In [1]:
import pandas as pd
import numpy as np

# Introduction to Data Science for Public Policy
## Class 6: NumPy & Pandas Basics
## Thomas Monk

Now we get on to the *data science* part of the course.

We've spent a lot of time over the last week learning the fundamentals of Python - the knowledge will allow us to easily work with these new modules.

## NumPy

The tools we're going to use are built on *NumPy* - this module allows us to easily manipulate *arrays*.

Arrays work, and are fundamentally the same as lists, but we'll have wider options to tranform them.

NumPy adds a lot of mathematical functioality - we can understand these arrays as matrices - but we can abstract from that in our use.

First we need to import the numpy module.

In [1]:
import numpy as np

Importing allows us to use all the functionality of NumPy - it will provide us with the built methods that we'll use.

Ensure this is always the first cell in your notebook, and remember to run it so the module is availible to you.

Notice that I've imported it `as` np. All this does is make the name shorter while we use it!

I'm going to quickly show you the features of an NumPy array. We won't ever use these arrays directly, but the Pandas module we use is built on top of these.

The features we'll use are exactly isomorphic when we look at Pandas.

In [3]:
import numpy as np
arr = np.array([[0, 1.5, 2.0],
[-1.0, 3.0, 5.0]])

Notice, this is just a list of lists with the `np.array` method surrounding it.
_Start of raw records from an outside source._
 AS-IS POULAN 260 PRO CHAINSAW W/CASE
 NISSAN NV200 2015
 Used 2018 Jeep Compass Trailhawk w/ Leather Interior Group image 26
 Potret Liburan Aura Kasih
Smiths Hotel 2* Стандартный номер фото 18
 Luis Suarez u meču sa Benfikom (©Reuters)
Why does this matter? All we're going to work with are lists of lists, but they're now called arrays!

We can do some useful things that we couldn't do before with standard lists - think about how this will be useful when it comes to the data!
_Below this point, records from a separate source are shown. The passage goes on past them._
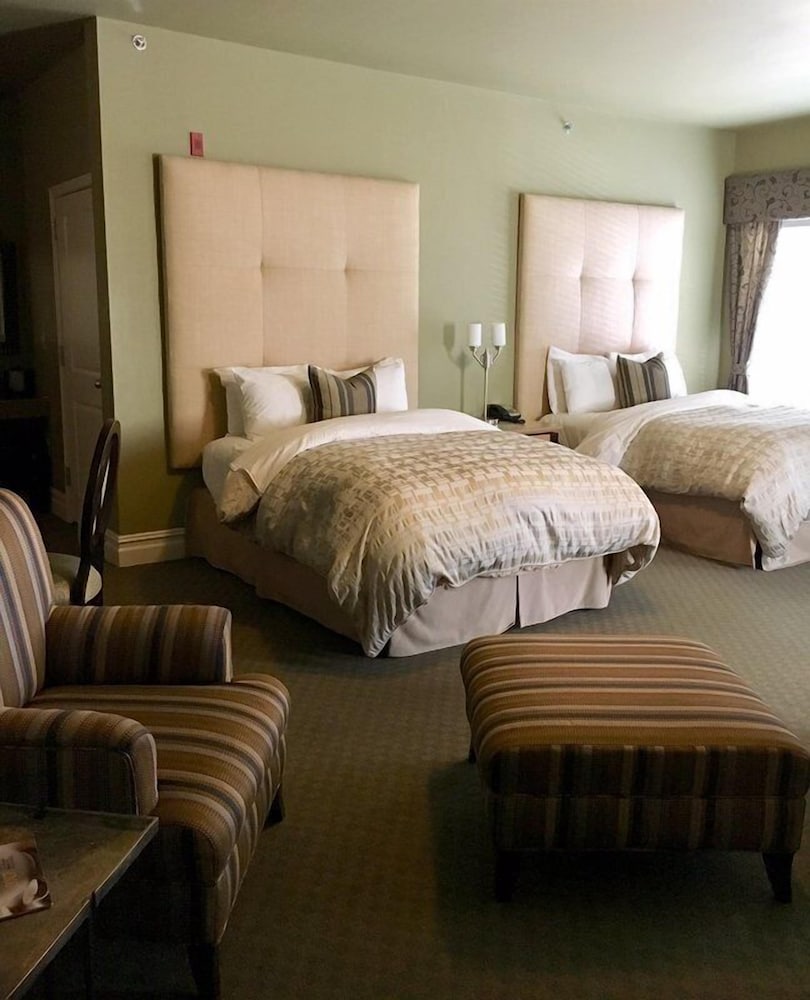 Blue Bay Inn - photo 17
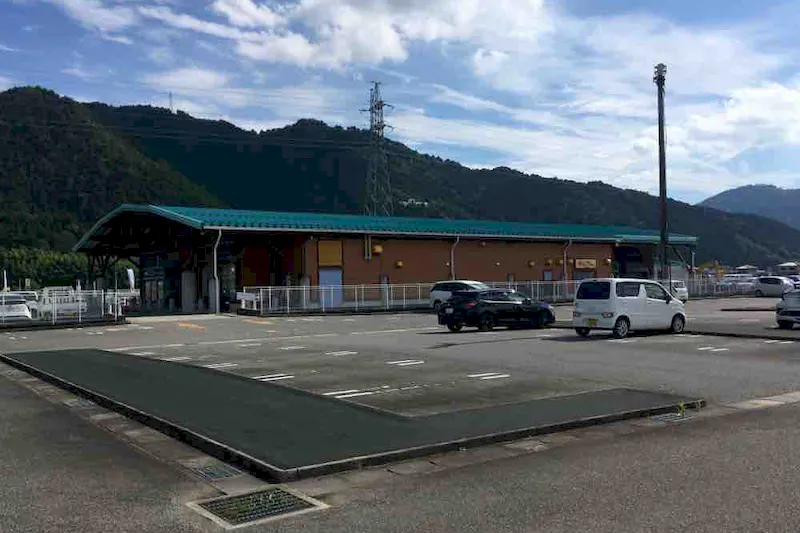 【ダイナム兵庫篠山店｜割引キャンペーン実施中】キッチンカーやプロモーションイベントの開催に最適なアミューズメント施設のイベントスペース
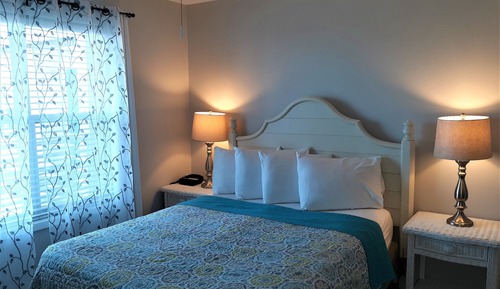 Exclusive Suite, 1 Queen Bed with Sofa bed, Kitchen, Ocean View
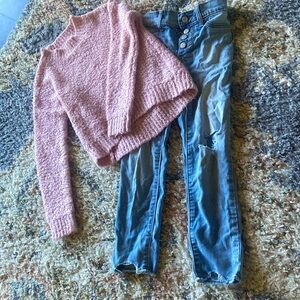 GIRLS PANTS + SWEATER outfit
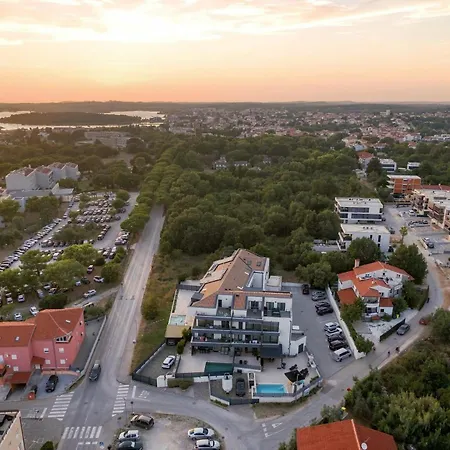 Posesi Sky View 아파트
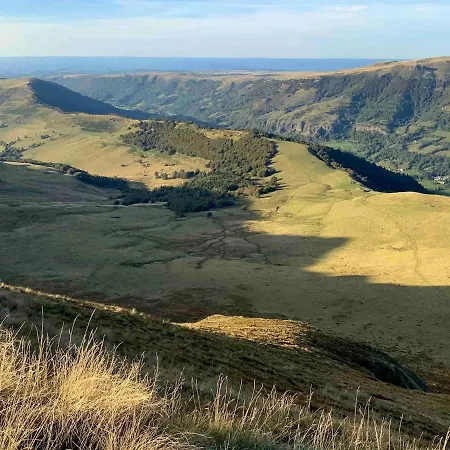 Belle Maison Au Pied Du Puy Mary *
**Indexing**. We can index the array in the standard way, and some new ways.

In [5]:
arr[0] # Gives us the first row

array([0. , 1.5, 2. ])

In [9]:
arr[0][1:3] # Gives us the second and third elements of the first row

array([1.5, 2. ])

In [17]:
arr[0,1] # We can now also access items in 'comma' notication - i.e we give the co-ordinated of the item we want.

1.5

In [18]:
arr[0,:] # Or obtain the whole first row.

array([0. , 1.5, 2. ])

In [20]:
arr[1][:] = 0 # we can also assign in this way
arr

array([[0. , 1.5, 2. ],
       [0. , 0. , 0. ]])

**Arithmetic**. We definitely weren't able to do the following before - these will make our lives a lot easier. Almost like Stata!

In [23]:
arr = np.array([1,2,3])
arr * 2 # We can multiply the whole array directly!

array([2, 4, 6])

In [24]:
arr + 1 # Or add to it.

array([2, 3, 4])

In [28]:
arr1 = np.array([2,4,8])
arr2 = np.array([2,4,8])
arr1 / arr2 # Or do any operation with two different arrays.
# These will be run element wise (i.e. element by element) unless with specify otherwise

array([1., 1., 1.])

In [29]:
arr = np.array([10,20,30,40])
print (arr.sum(), arr.min(), arr.max(), arr.std())

100 10 40 11.180339887498949


**Axes** We can also run functions across specific axes.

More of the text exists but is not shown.